*** Given information

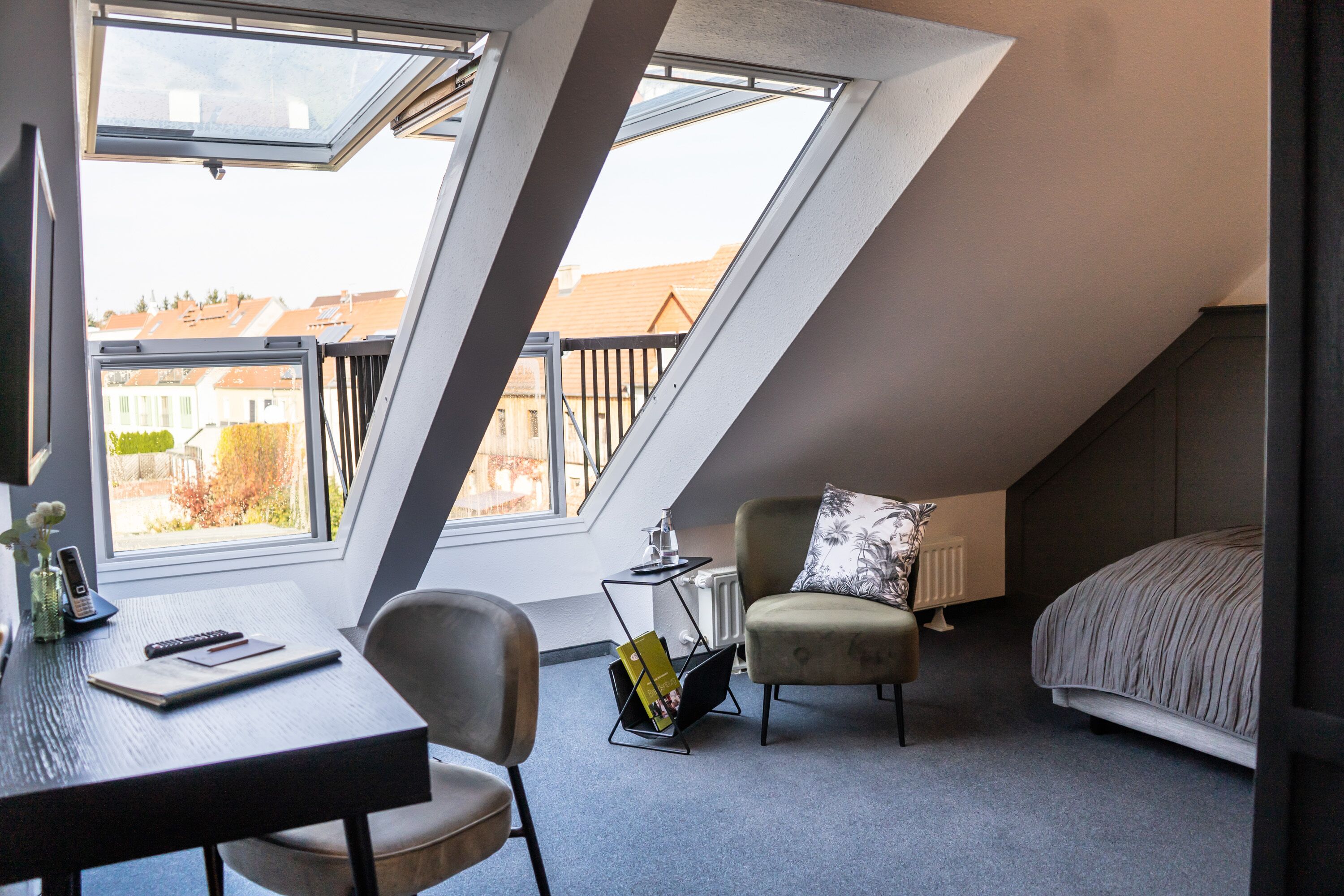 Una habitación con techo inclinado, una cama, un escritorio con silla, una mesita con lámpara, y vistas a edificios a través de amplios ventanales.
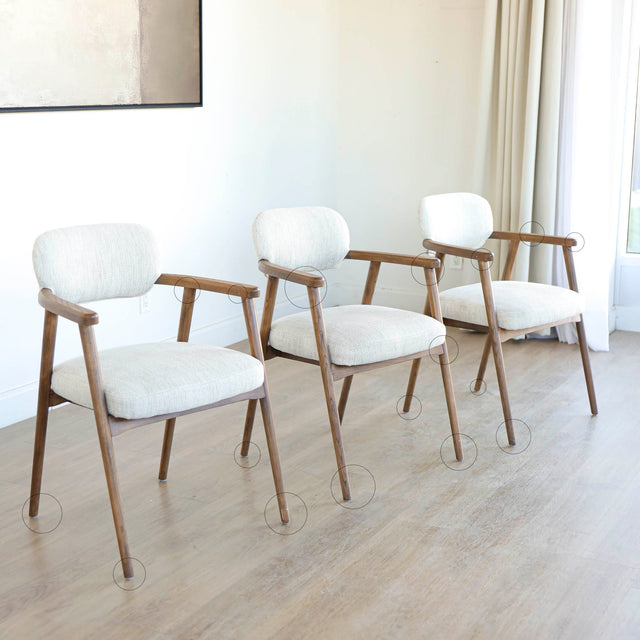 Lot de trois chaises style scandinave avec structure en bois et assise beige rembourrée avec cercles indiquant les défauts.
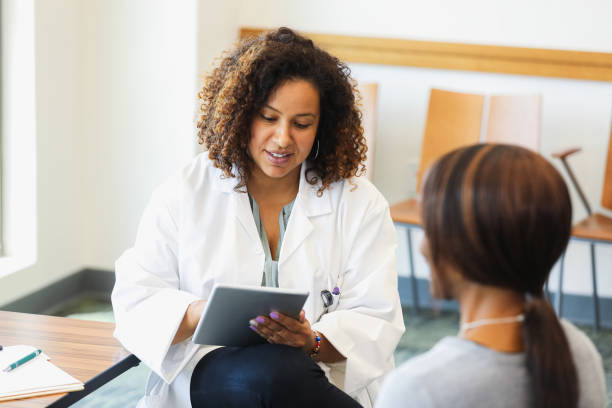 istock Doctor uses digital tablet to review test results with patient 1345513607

******

Assignment
Print all the material above verbatim and omit its pictures.

Response to the task
 Una habitación con techo inclinado, una cama, un escritorio con silla, una mesita con lámpara, y vistas a edificios a través de amplios ventanales.
 Lot de trois chaises style scandinave avec structure en bois et assise beige rembourrée avec cercles indiquant les défauts.
 istock Doctor uses digital tablet to review test results with patient 1345513607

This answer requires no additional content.